Last Thursday, Senior students from Wenona and Monte attended a presentation from world-leading University of the Arts London (UAL) to learn how to develop a successful portfolio.


When applying for an art, fashion, communications or design degree in the UK, it’s not just the interview you need to think about; impressing your prospective tutor with your portfolio is vital for securing a place.

Ranked second in the world for Art and Design, UAL has a world-class reputation, with six of its colleges regarded as global leaders of undergraduate creative education: Camberwell College of Arts, Central Saint Martins, Chelsea College of Arts, London College of Communication, London College of Fashion and Wimbledon College of Arts.

It also boasts a dazzling list of alumni, some of whom have gone on to win Oscars, Golden Globes, BAFTAS and the BP Portrait Award. Half of all Turner Prize winners, over two thirds of the winners of British Designer of the Year and many of the fashion designers that showed at London Fashion Week attended UAL.
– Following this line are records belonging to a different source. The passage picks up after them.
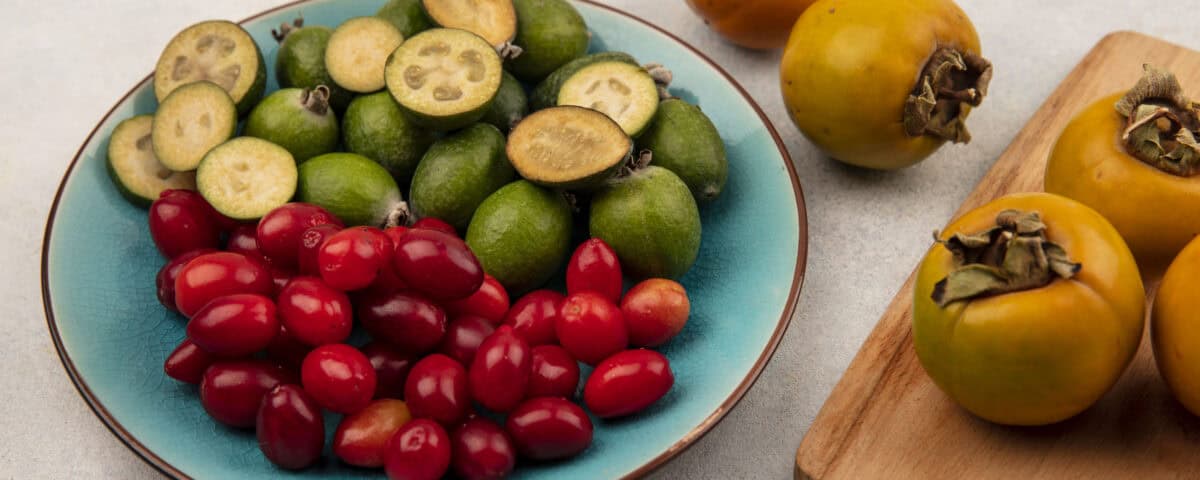 A blue plate with feijoas, red berries, and Emping Melinjo crackers next to yellow persimmons on a wooden board. | Emping SG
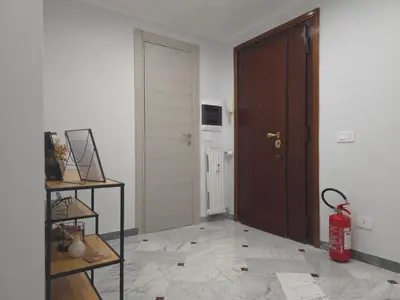 a living room with a door and a fire extinguisher at Rome sweet home - Casa Cesari in Rome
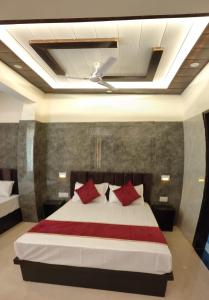 阿格拉Hotel Goyal Palace的一间卧室配有一张带红色枕头的大床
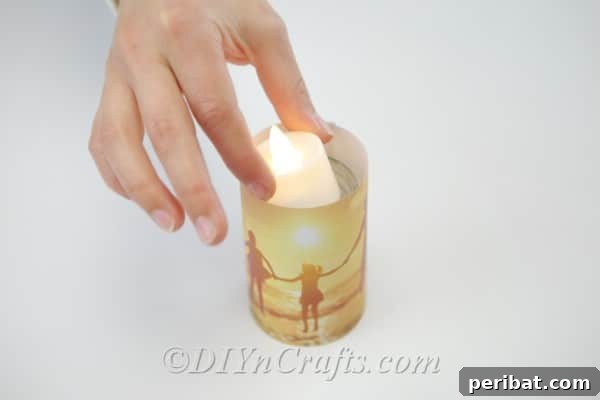 Placing a candle inside a photo covered jar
With its state-of-the-art facilities, its inspirational teaching and its variety of cutting-edge courses, it’s hardly surprising that UAL can have its pick of the best and the brightest students. With places highly coveted, students need to make their work stand out from the crowd if they want their application to be successful.


Last Thursday afternoon, Director of Student Opportunity and Career Education, Ms Samantha McFetridge organised for leading UAL academic, Cath Johnston to visit Wenona. Ms Johnston gave a presentation in the Independent Theatre to Senior College students - and approximately 10 students from Monte - to outline what she looks for in a portfolio. Students were encouraged to bring along their own portfolios for Ms Johnston to review.
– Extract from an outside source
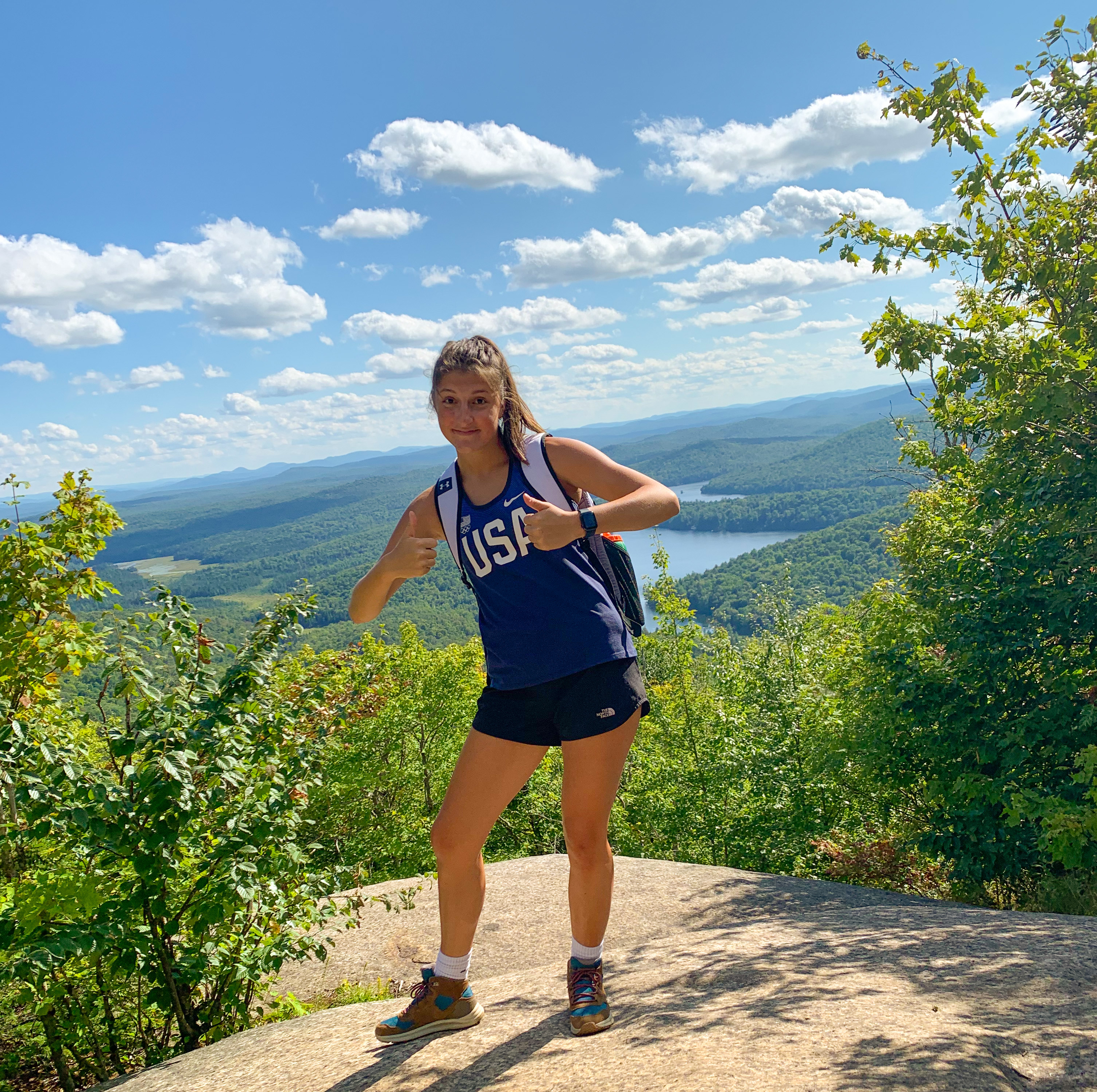 A student in a blue tanktop poses with both thumbs up on a mountaintop on a sunny day.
Ms Johnston explained that the best portfolios always tell you something about the person applying.

“We’re looking for a sense of the candidate, and it’s really great to see their own personal projects,” she said. “A portfolio should be professional AND human. We really want to see you amongst the pages.”

She emphasised that tutors want to see more than completed school projects. Satisfying a brief means that a student is competent, but it doesn’t show that they are excited about anything. Tutors want to see imagination, individuality and drive, so if a student can demonstrate their passion for a subject, it’s a great way to impress.

She encouraged the students to attend exhibitions, write blogs, sign up for summer school courses or get involved in community art projects to demonstrate their commitment and passion about their chosen field.

She also recommended that art and fashion students practise life drawing by attending extra classes or doing it in their own time.

She also explained that she likes to see scrapbooks of things that excite them – it could be samples of knitting or weaving. “There’s no template for the perfect portfolio. We want to see your potential and your skills.”


She highlighted that it’s also important to present rough work – sketches, doodles, notes – which helps to showcase creativity, thought processes and a willingness to experiment and take risks.

It also helps tutors to see how a student has arrived at a finished product. Rough work is an opportunity to show self-reflection and areas that a student would like to change or develop.

And she suggested that it's always a good idea to label work with contextual information, so that tutors can readily understand concepts, inspiration and intentions.

Ms Johnston said above all, a portfolio should show a student’s genuine love for their subject.

It was a fascinating presentation that left the students - and teachers - inspired to find out more about courses at UAL.

Encouraging more students to study overseas is something Ms McFetridge is keen to support, and she has a wealth of information and advice for any students who are interested in pursuing this.